Tech Viewpoint: Nike acquires Celect – two pros and a con


Nike has acquired a demand forecasting startup – is it a good idea?

You may have heard that earlier this week, vertical athletic footwear/apparel retailer Nike purchased Celect, a Boston-based retail predictive analytics and demand-sensing firm. Absorbing Celect whole, rather than simply customizing and integrating its technology, is an interesting strategic move. Here are two pros and one con of Nike’s acquisition.

Pro – Nike’s supply chain complexity

No retailer operates a “simple” supply chain, but Nike’s supply chain is more complicated than most. Nike manufactures its own products, which it then sells across the globe through proprietary brick-and-mortar and online channels, as well as through a dizzying variety of third-party retail partners. Third-party channels include dedicated storefronts on retail platforms like Amazon, as well as acting as a wholesaler for numerous physical and digital retailers.

Given how many different streams of demand data Nike has to manage, acquiring Celect as the basis of a truly proprietary forecasting platform makes sense. Nike has some unique fulfillment challenges, and bringing Celect in-house maximizes the technology’s fit to them.

Pro – Competitive edge

Nike is the world’s most valuable apparel brand, according to the Brand Finance Apparel 50 2019 report. However, rival athletic apparel/footwear Adidas, which like Nike operates a thriving omnichannel retail business as well as a wholesale operation, is close behind at number three. Adidas, and other leading vertical athletic apparel/footwear providers, also must find a way to effectively sense, analyze, and predict consumer demand across channels, partners and countries.

Celect was founded and is led by two MIT professors. Living in the area has given me the opportunity to visit their Boston office, and I will vouch they are a good company with good technology. Good technology that Nike can now keep out of the hands of competitors.

This is not to suggest that there are not many other excellent predictive analytics providers available to help Nike’s peers. But as Nike builds and expands upon Celect’s existing capabilities, no other company will benefit (unless Nike decides to license technology out for profit).

Con – A loss of independent innovation

Nike has been active in developing new proprietary digital technology capabilities, going so far as to recently name former Kohl’s technology head Ratnakar Lavu as the company’s first global chief digital information officer. As mentioned above, this push toward in-house IT development certainly carries advantages.

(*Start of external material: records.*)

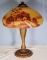 Hand Painted Antique Lamp with 16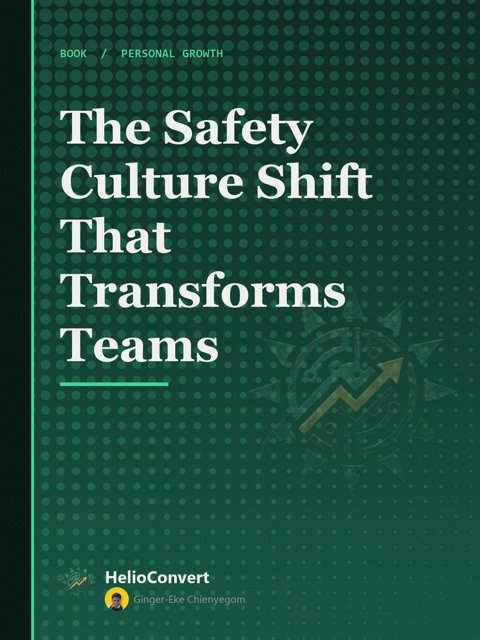 The Safety Culture Shift That Transforms Teams
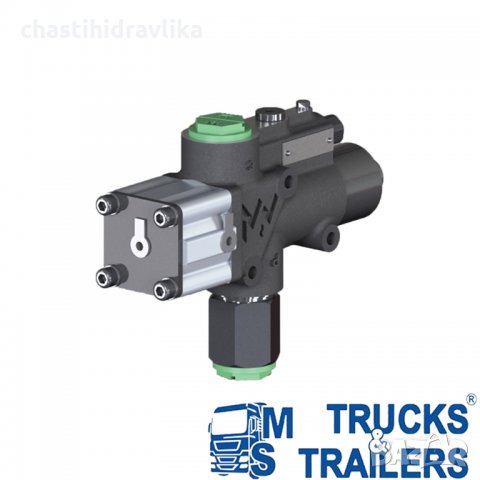 Хидравличен разпределител 190BAR 1”, снимка 2 - Части - 34509530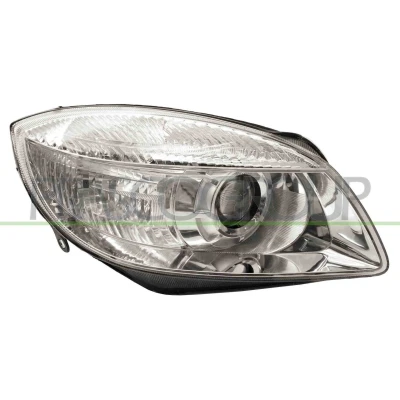 Imagem de PRASCO SK3244813 Farol Principal à direita H7 com motor de regulação do alcance dos faróis SKODA: Roomster, Fabia 2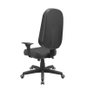 Cadeira Presidente Poltrona Operativa Relax Plaxmetal Courissimo Preto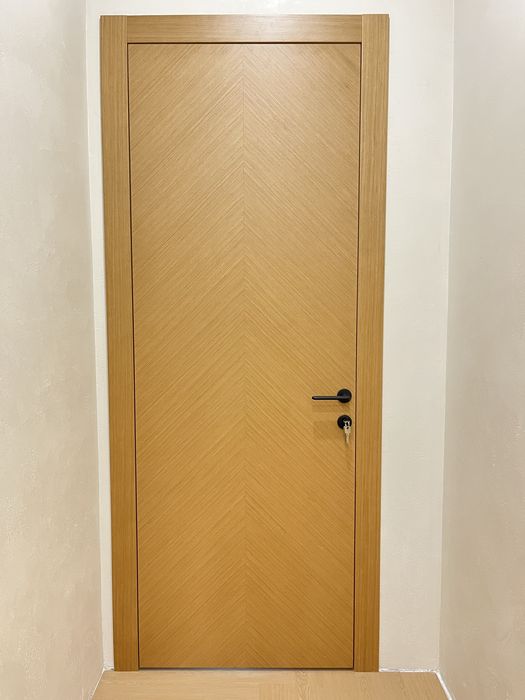 установка межкомнатных дверей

However, small startups are often incubators of truly leading-edge technology solutions and concepts. Freed from the constraints of corporate culture or traditional ways of doing things, startups can have an easier time disrupting the status quo than established organizations. Privately-held startups such as Celect have the added benefit of not needing to meet quarterly stock targets.

Celect should provide tremendous value to Nike’s global operations team, but a certain independent spark that is only found at a true startup (and I have worked at one) will inevitably be lost. In addition, the more Nike brings innovation in-house, the less it will look for the disruptive opportunities offered by other out-of-house providers like Celect used to be.